I’ll bet she sent the information to your old email. I’ll give her the new one.”

“So, photographer, check?”

“Check.” Jonathan’s laughter made Cara wish the week away so she could watch him. Watching Jonathan laugh was one of her secret delights. He could say more with a snicker, a chuckle, or a hearty laugh than most men say with a twenty-minute discourse.

“Okay, the Oakes menu options that we like are halibut, chicken breast, pork tenderloin, or the beef tenderloin. We tried to swing the filets, but we just can’t.”

“I could—”

“No, Jonathan, unless the other options are a problem, we’d rather you just picked two and left it at that.”

“Take the halibut and the beef tenderloin then, but promise if there’s even a hint of a wince when you get the bill, that you’ll just forward it to me.”

“I promise. Next, does your mother have a guest list? Trenna needs it by tomorrow.”

She heard keys clicking and surmised that he probably was checking or sending an email. “Well, there isn’t one in my inbox, but I sent Mom an email, and I’ll work on getting a list of everyone that I can think of so it’ll at least help.”

“Trenna said the easiest way to start is with your Christmas card list, if you have one.”

“Well, that’ll make it easy. I’ll send Mom another email.” A muffled sound interrupted them, and then Jonathan said, “Just a minute, Riley had a bad dream.”

As she waited for him to return, Cara prayed for peaceful sleep and pleasanter dreams to envelop Riley for that night and the rest of the nights in her life. Time crawled past as she made out lists of things to pack for a honeymoon, pictures she wanted taken, bridesmaid accessories, and similar things. She prayed for Bryce, Jonathan, their adjustment to the move, and for Verna whom she prayed would consider relocating with them. As almost a substitute grandmother, Cara didn’t want to see her stripped from the children because of her.

“Whew. She hasn’t had one of those in a while…”

“I didn’t know she was prone to bad dreams.”

“Ever since a twit at church told her that she killed her mother by being born, yeah, it’s been a doozy now and then.”

“Seriously? What kind of low-down…”

“I think he was parroting what his parents said. Riley made him mad, so he lashed back. It makes me mad, but I doubt he was unprovoked.”

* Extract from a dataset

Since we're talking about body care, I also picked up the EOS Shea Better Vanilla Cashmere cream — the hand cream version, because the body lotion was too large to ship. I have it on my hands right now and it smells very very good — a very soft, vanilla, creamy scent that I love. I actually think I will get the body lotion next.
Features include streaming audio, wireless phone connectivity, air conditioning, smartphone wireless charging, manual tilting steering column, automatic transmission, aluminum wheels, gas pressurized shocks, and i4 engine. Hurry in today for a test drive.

“What does she dream about?” To Cara, the whole thing sounded like the kind of thing a bully does.

“This time it was about leaving here and not having a place to live. She thought you wouldn’t want to live with us if we didn’t have our nice home.”

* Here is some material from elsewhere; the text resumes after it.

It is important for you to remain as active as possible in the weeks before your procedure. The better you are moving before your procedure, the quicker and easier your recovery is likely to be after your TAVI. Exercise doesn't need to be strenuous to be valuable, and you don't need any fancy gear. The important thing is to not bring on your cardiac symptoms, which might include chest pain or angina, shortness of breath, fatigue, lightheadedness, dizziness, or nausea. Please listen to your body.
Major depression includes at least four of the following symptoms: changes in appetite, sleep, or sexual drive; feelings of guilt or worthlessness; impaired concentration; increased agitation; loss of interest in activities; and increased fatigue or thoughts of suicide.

“Oh, no! That’s terrible! How do you calm her down?”

“I just talk to her.” He chuckled. “Stop laughing, it’s something a father has to do sometimes. I counter her mind’s fallacies with truth. We will have a home, no matter where we live, you’re coming to live with us, not with our house, and even if something terrible happened, like our house burning down or something, you’d still stay with us.”

“And it works?”

“Well, either that, I’m a good hypnotist, or I’m really boring, because she’s out like a light already.”

“Okay, so back to decisions. Did you decide if Riley can make it down the aisle?”

“Flower girl. Definitely. I got an earful from Mom for even hinting otherwise.”

“If you don’t want—”

“Oh, I want her to; I just started to wonder about her age and everything. Bryce says he’ll force her down if he has to drag her by her dress.”

“Well, there you go. Okay, so you’ve got measurements coming from the groomsmen?”

“Tuxes are already ordered by all but Trevor, who assures me that he will take care of it tomorrow or Monday at the latest.”

“Okay then,” she said finally. “All that’s left is registration. I had no less than twelve calls in the first thirty-six hours of engagement asking where we’re registered. So, I need names of places your family will expect to shop, and oh—” she hesitated. Did she really want to open that can of worms? Carly had made her promise to ask, so she continued. “Carly wants to know if we want a couple’s shower or if we’d prefer she went with a traditional bridal shower. We have until morning and then she’s going to go with a couple’s lingerie shower to teach us a lesson.”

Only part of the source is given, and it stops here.